While Washington has a few quintessential beach towns, where the state really excels are wilder beaches that lack amenities and are all nature all the time. Case in point: Ruby Beach in Olympic National Park.

Ruby Beach is rocky and rugged and built for exploring. Peep into tide pools and bring your camera along to get the best shot of the giant rock formations. Wear good shoes or sturdy sandals to explore as the beach is rocky. Keep an eye out for the rock cairns visitors tend to leave behind, or build your own to add to the cool atmosphere. Better yet, pair the beach with a stay at Kalaloch Lodge just 10 minutes south and add in some exploration of the Olympic National Park and other nearby shorelines.

06 of 07

Other Ocean Beaches

Olympic National Park Beach
Jordan Siemens/Getty Images

If you prefer a quieter beach, you’ll find most of Washington’s Pacific shoreline to be pretty laid back and isolated. Beaches perfect for those who want to stay in a small local lodge or go camping near the shore include Copalis Beach, Moclips, and Pacific Beach. These are also great locations to keep an eye on razor clam digs and other more natural pursuits.

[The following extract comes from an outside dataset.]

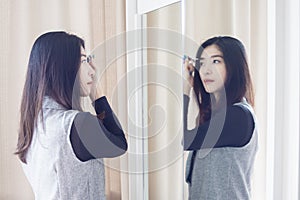 Asian portrait beautiful woman making make-up with brush on eyeb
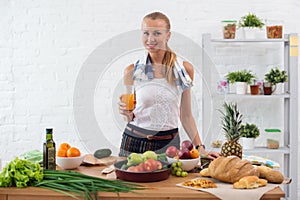 Woman preparing dinner in a kitchen, drinking juice concept cooking, culinary, healthy lifestyle.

Likewise, Olympic National Park is home to not just Ruby Beach, but others as well, including Mora and Rialto Beach and the Ozette Lake area. Don’t expect beach hotels and salt water taffy. Do expect sheer natural beauty.

07 of 07

Alki Beach

Alki Beach Images

Of course, not all beaches are along the Pacific Ocean. Seattle is home to one of the best urban beaches in the state: Alki Beach. The sandy stretch reaches 2.5 miles so there’s plenty of room for a waterfront walk either on the sand or along the paved path nearby. Just like the ocean beaches, the Puget Sound is pretty chilly at 46 to 56 degrees year round, so swimming is not likely at the top of anyone’s list, but the sandy beach is perfect for a game of volleyball, sunbathing or exploring.